Proseguono i raid effettuati dalla coalizione, sempre più ampia, creata e guidata dagli Stati Uniti contro i territori controllati dagli jhadisti dell'Isis (il governo inglese ha comunicato che essi potrebbero entrare in possesso di armi chimiche, batteriologiche e nucleari). Il ministro degli Esteri siriano ha affermato, pochi giorni fa, di vedere con favore gli attacchi aerei degli Usa e dei loro alleati sul suo territorio contro le postazioni dello Stato Islamico e tale affermazione potrebbe essere interpretata come una tacita adesione, criticata ufficialmente, a tale iniziativa promossa dalla Casa Bianca.

La convergenza degli sforzi, seppure in forma differente, finalizzata a sconfiggere il nemico comune potrebbe rompersi nel caso in cui il Pentagono e i suoi alleati dovessero prendere di mira il regime di Assad. La paura che è fortemente sentita attualmente in tutta la comunità internazionale riguarda il ruolo futuro della Turchia. Il Parlamento di Ankara, in seguito al forte avvicinamento degli jhadisti ai confini del suo paese, dovrebbe autorizzare prossimamente il Ministero della Difesa a inviare le forze armate in Siria per combattere l'Isis (diecimila soldati sarebbero già pronti a varcare il confine però tale azione sarebbe conforme al diritto internazionale solo con l'ok delle autorità locali) ma ieri il premier Erdogan ha ribadito la necessità di colpire pure Assad (ciò spingerebbe l'Iran e il Cremlino a intervenire in sua difesa, iniziando di fatto una terza guerra mondiale, poiché non si può escludere un aiuto all'esercito turco da parte dell'attuale coalizione anti Isis).
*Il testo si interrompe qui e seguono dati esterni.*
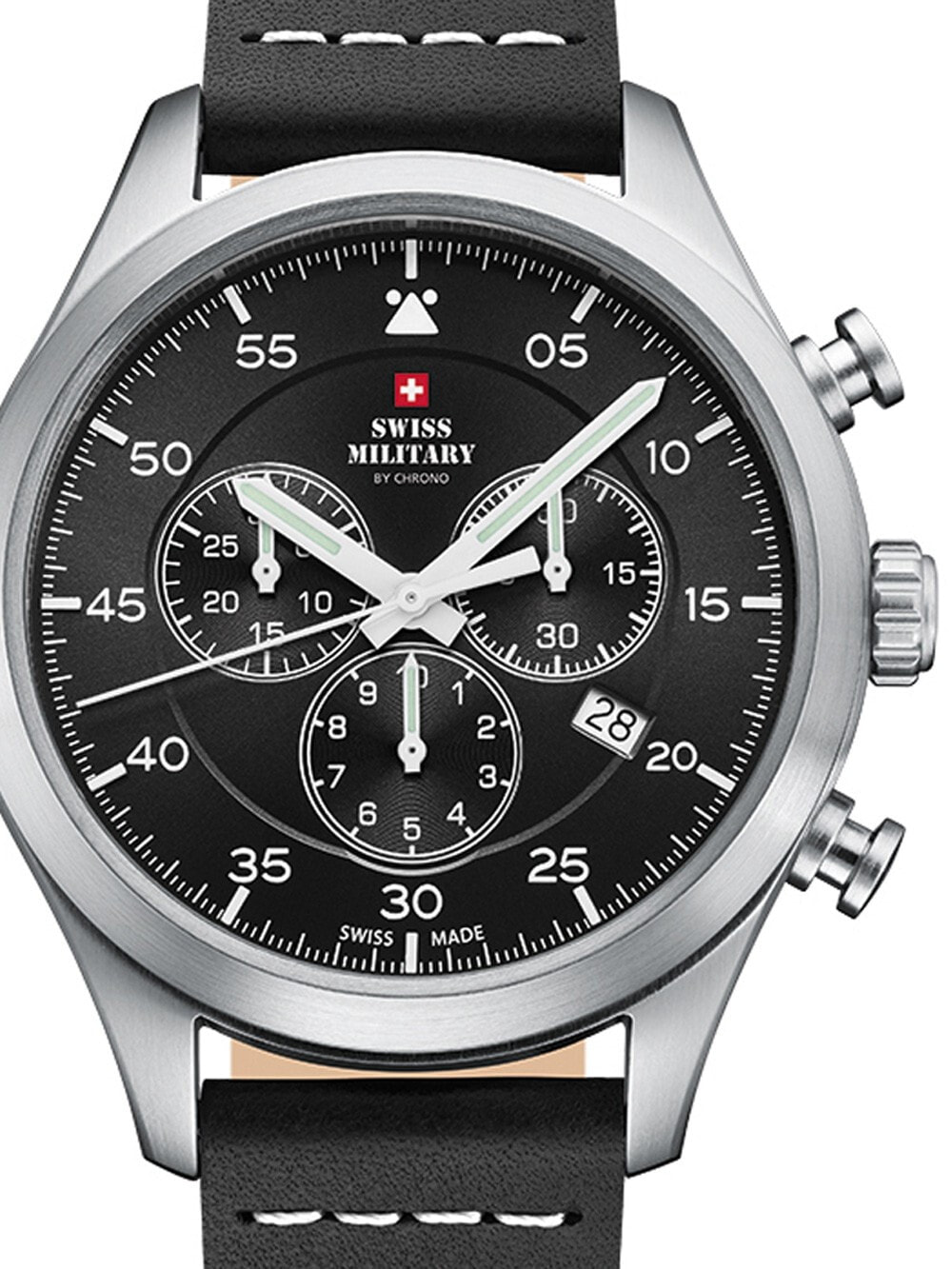 Мужские наручные часы с черным кожаным ремешком Swiss Military SM34076.04 Chronograph 43mm 10ATM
Secondo alcune fonti russe il presidente Putin avrebbe ordinato di ridurre i tempi di distribuzione di missili anti aerei al governo di Damasco per garantirgli una protezione adeguata in caso di raid aerei occidentali contro i suoi target. Assad è stato accusato recentemente, soprattutto dal rappresentante americano e da quello dell'Unione Europea presso l'Organizzazione per la Proibizione delle Armi Chimiche, di avere attaccato lo scorso agosto i civili con ordigni contenenti alcune sostanze proibite come il cloro violando così l'accordo tra gli Usa, la Russia e la stessa Siria.
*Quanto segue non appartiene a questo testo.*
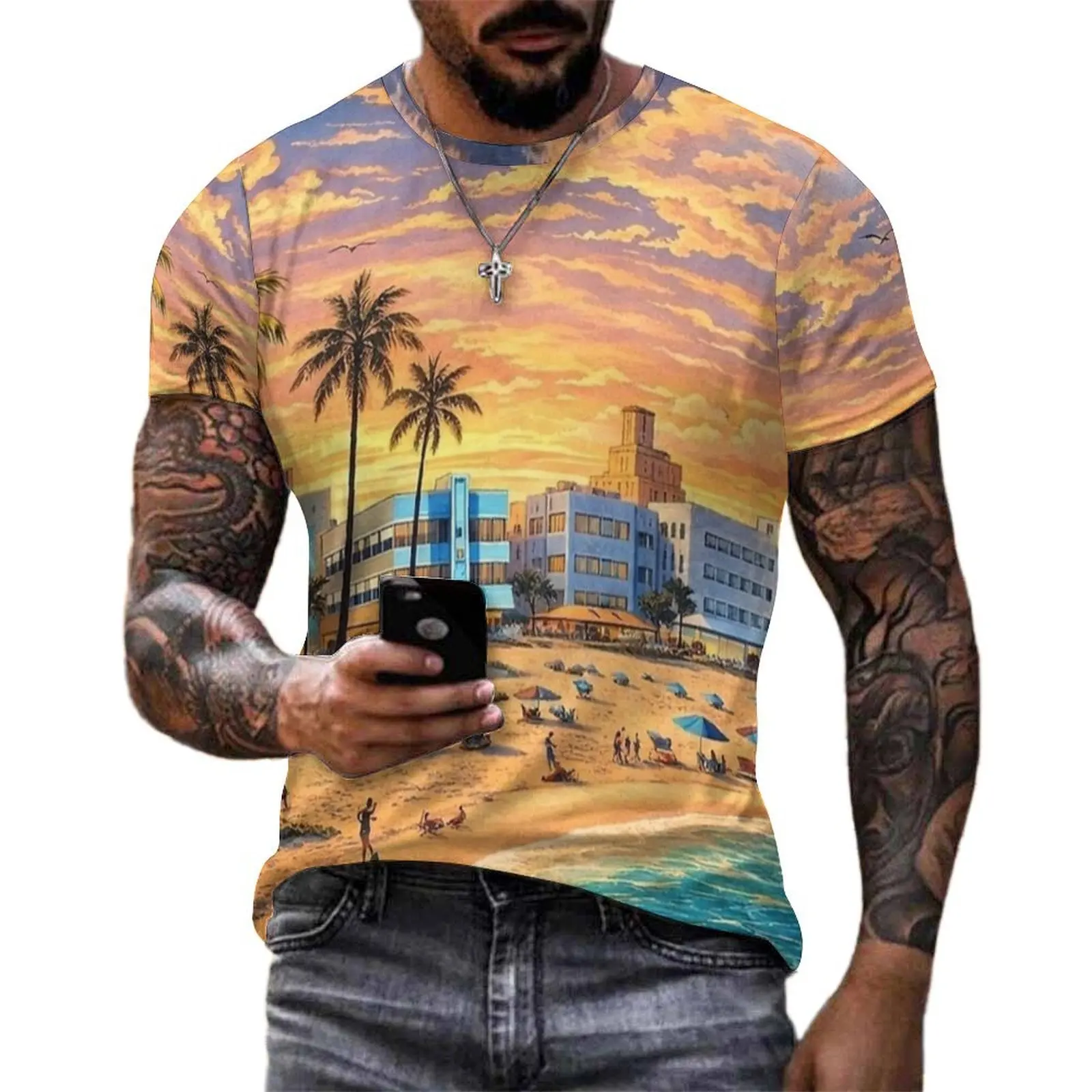 Miami Beach Florida Retro Summer Sunset T-Shirt Men Harajuku T Shirts Original Tees Short Sleeve Awesome Oversized Clothing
Il patto stipulato ha evitato in extremis, l'anno scorso, un confronto militare tra Washinghton da una parte contro Mosca e Pechino dall'altra (queste ultime avevano schierato le loro navi da guerra in difesa del territorio siriano per contrastare quelle statunitensi che erano ormai pronte a colpirlo) in seguito ad un evento simile per cui i paesi occidentali hanno attribuito la piena responsabilità al regime di Damasco mentre il Cremlino, con l'appoggio cinese, ai ribelli che lo combattono da circa tre anni.